It is the college playing field where Title IX is now being threatened. Some athletic directors and commentators mistakenly blame the law for the elimination of some minor men's sports. To give women the same athletic opportunities as men, say Title IX critics, schools are forced to remove men's opportunities because of a lack of money to support added teams. They claim that Title IX's equality standard (commonly referred to as "proportionality"), which requires colleges to demonstrate roughly the sameratio for male and female athletes as for students enrolled at the school, results in discrimination against male athletes.
Contrary to the rationale of those who would like to weaken Title IX's equality standard, men's sports participation and funding have continued to grow.
The real expenses starving minor men's sports of funding are the disproportionate share of university athletic dollars spent on one or two teams - football and men's basketball - and not spent to add new teams for women or to support other men's sports.

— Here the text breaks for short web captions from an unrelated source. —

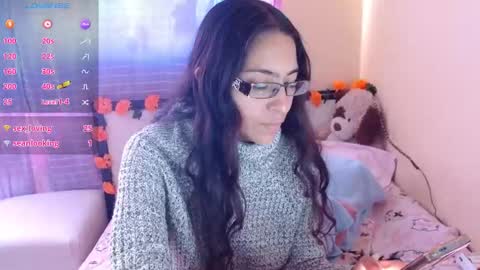 paola online show from December 15, 2025, 8:24 pm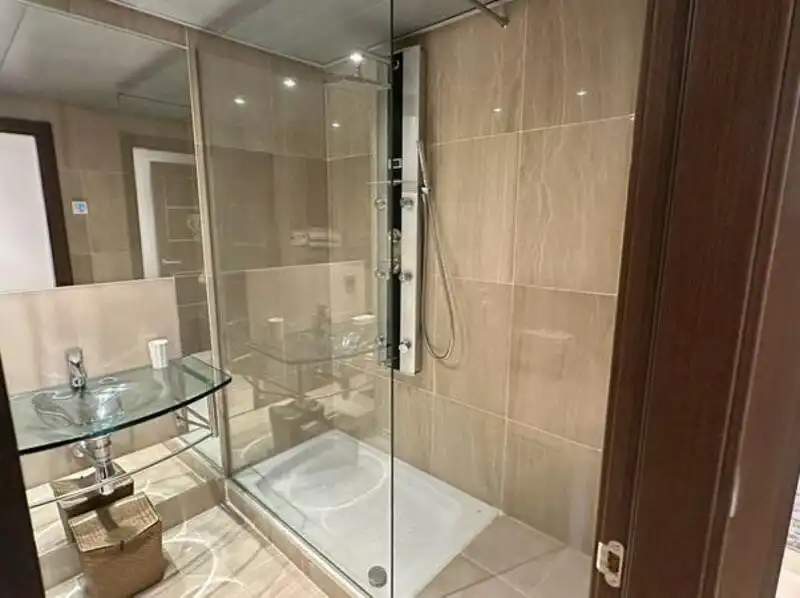 Baño de Apartamento de alquiler en Estepona con Aire acondicionado, Terraza y Piscina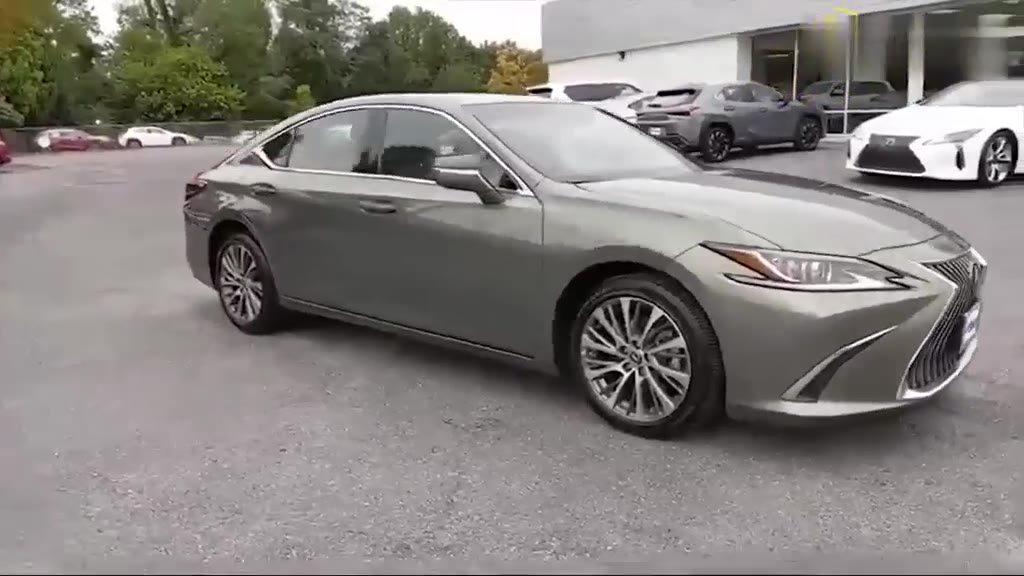 2021款雷克萨斯es350实拍,颜值爆表,买不买宝马5系自己拿主意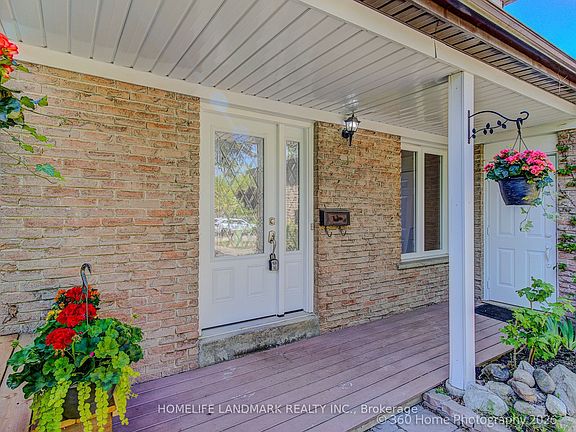3rd image of 33 Kitsilano Cres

Title IX should not be the scapegoat for irresponsible, nonprofit institutions of higher education that operate their football and men's basketball programs like professional franchises.
Attention should turn to college presidents and athletic directors who fuel the growing arms races in football and men's basketball with million dollar coaches and excessive expenditures. The fact that these sports may bring in revenue (though some actually lose money) does not justify their bloated budgets, which take funds away from other men's sports as well as women's sports. Rather than sharing a little of what the football and men's basketball programs spend, the remaining men's and women's sports are forced to fight for the scraps, pitting the deprived against the deprived.
Despite the gains women have made under Title IX, resources for women's sports have never caught up to resources for men's sports at most colleges and universities. Women's athletic programs continue to lag behind men's programs by every measurable criterion, including participation opportunities, athletic scholarships, operating budgets and recruiting expenditures.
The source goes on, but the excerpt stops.